Repeat all of the entries, please, keeping each line exact.
BEGIN
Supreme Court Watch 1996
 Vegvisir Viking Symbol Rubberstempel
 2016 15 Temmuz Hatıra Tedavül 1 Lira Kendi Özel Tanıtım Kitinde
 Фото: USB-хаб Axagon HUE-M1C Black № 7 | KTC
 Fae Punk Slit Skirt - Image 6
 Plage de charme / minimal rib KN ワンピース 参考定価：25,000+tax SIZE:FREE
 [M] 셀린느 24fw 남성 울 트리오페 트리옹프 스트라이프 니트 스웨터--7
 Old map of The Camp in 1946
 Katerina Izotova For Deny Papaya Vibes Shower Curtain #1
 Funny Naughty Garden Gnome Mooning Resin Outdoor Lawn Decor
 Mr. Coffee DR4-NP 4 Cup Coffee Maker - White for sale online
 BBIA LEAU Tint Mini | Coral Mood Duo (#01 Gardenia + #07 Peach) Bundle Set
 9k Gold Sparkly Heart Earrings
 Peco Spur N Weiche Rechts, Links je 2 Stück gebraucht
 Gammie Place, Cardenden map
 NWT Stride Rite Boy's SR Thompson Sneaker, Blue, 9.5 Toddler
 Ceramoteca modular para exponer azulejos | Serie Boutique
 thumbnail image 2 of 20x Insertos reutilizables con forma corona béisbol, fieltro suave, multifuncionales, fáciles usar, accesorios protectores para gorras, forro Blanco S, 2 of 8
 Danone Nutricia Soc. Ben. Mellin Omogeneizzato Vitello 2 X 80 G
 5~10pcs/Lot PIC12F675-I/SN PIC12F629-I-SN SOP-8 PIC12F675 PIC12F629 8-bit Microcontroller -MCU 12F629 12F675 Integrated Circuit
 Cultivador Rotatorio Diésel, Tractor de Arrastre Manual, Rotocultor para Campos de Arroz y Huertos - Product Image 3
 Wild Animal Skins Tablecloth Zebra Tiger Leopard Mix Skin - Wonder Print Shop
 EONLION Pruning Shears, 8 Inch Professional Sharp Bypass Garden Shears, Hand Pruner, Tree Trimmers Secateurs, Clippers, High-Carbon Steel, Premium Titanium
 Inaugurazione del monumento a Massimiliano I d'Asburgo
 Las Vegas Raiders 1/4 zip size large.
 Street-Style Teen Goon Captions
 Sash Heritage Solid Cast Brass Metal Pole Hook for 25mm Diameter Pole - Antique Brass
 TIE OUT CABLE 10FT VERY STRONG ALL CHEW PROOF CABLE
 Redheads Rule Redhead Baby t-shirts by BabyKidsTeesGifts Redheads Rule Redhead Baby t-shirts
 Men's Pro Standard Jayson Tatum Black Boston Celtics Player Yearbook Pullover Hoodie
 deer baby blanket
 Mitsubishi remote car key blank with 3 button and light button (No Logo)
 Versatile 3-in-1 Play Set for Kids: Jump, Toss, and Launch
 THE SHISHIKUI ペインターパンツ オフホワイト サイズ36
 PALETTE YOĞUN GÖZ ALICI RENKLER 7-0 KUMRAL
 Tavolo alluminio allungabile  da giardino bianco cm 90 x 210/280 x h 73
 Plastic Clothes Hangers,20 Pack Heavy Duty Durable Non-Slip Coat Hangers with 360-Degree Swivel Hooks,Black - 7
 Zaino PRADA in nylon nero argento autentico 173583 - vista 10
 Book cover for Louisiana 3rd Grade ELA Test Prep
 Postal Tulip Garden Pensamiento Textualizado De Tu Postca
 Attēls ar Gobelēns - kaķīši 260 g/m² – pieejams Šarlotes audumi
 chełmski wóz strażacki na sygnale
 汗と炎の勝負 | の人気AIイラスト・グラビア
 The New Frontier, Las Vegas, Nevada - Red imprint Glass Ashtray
END
Written solution:
Supreme Court Watch 1996
 Vegvisir Viking Symbol Rubberstempel
 2016 15 Temmuz Hatıra Tedavül 1 Lira Kendi Özel Tanıtım Kitinde
 Фото: USB-хаб Axagon HUE-M1C Black № 7 | KTC
 Fae Punk Slit Skirt - Image 6
 Plage de charme / minimal rib KN ワンピース 参考定価：25,000+tax SIZE:FREE
 [M] 셀린느 24fw 남성 울 트리오페 트리옹프 스트라이프 니트 스웨터--7
 Old map of The Camp in 1946
 Katerina Izotova For Deny Papaya Vibes Shower Curtain #1
 Funny Naughty Garden Gnome Mooning Resin Outdoor Lawn Decor
 Mr. Coffee DR4-NP 4 Cup Coffee Maker - White for sale online
 BBIA LEAU Tint Mini | Coral Mood Duo (#01 Gardenia + #07 Peach) Bundle Set
 9k Gold Sparkly Heart Earrings
 Peco Spur N Weiche Rechts, Links je 2 Stück gebraucht
 Gammie Place, Cardenden map
 NWT Stride Rite Boy's SR Thompson Sneaker, Blue, 9.5 Toddler
 Ceramoteca modular para exponer azulejos | Serie Boutique
 thumbnail image 2 of 20x Insertos reutilizables con forma corona béisbol, fieltro suave, multifuncionales, fáciles usar, accesorios protectores para gorras, forro Blanco S, 2 of 8
 Danone Nutricia Soc. Ben. Mellin Omogeneizzato Vitello 2 X 80 G
 5~10pcs/Lot PIC12F675-I/SN PIC12F629-I-SN SOP-8 PIC12F675 PIC12F629 8-bit Microcontroller -MCU 12F629 12F675 Integrated Circuit
 Cultivador Rotatorio Diésel, Tractor de Arrastre Manual, Rotocultor para Campos de Arroz y Huertos - Product Image 3
 Wild Animal Skins Tablecloth Zebra Tiger Leopard Mix Skin - Wonder Print Shop
 EONLION Pruning Shears, 8 Inch Professional Sharp Bypass Garden Shears, Hand Pruner, Tree Trimmers Secateurs, Clippers, High-Carbon Steel, Premium Titanium
 Inaugurazione del monumento a Massimiliano I d'Asburgo
 Las Vegas Raiders 1/4 zip size large.
 Street-Style Teen Goon Captions
 Sash Heritage Solid Cast Brass Metal Pole Hook for 25mm Diameter Pole - Antique Brass
 TIE OUT CABLE 10FT VERY STRONG ALL CHEW PROOF CABLE
 Redheads Rule Redhead Baby t-shirts by BabyKidsTeesGifts Redheads Rule Redhead Baby t-shirts
 Men's Pro Standard Jayson Tatum Black Boston Celtics Player Yearbook Pullover Hoodie
 deer baby blanket
 Mitsubishi remote car key blank with 3 button and light button (No Logo)
 Versatile 3-in-1 Play Set for Kids: Jump, Toss, and Launch
 THE SHISHIKUI ペインターパンツ オフホワイト サイズ36
 PALETTE YOĞUN GÖZ ALICI RENKLER 7-0 KUMRAL
 Tavolo alluminio allungabile  da giardino bianco cm 90 x 210/280 x h 73
 Plastic Clothes Hangers,20 Pack Heavy Duty Durable Non-Slip Coat Hangers with 360-Degree Swivel Hooks,Black - 7
 Zaino PRADA in nylon nero argento autentico 173583 - vista 10
 Book cover for Louisiana 3rd Grade ELA Test Prep
 Postal Tulip Garden Pensamiento Textualizado De Tu Postca
 Attēls ar Gobelēns - kaķīši 260 g/m² – pieejams Šarlotes audumi
 chełmski wóz strażacki na sygnale
 汗と炎の勝負 | の人気AIイラスト・グラビア
 The New Frontier, Las Vegas, Nevada - Red imprint Glass Ashtray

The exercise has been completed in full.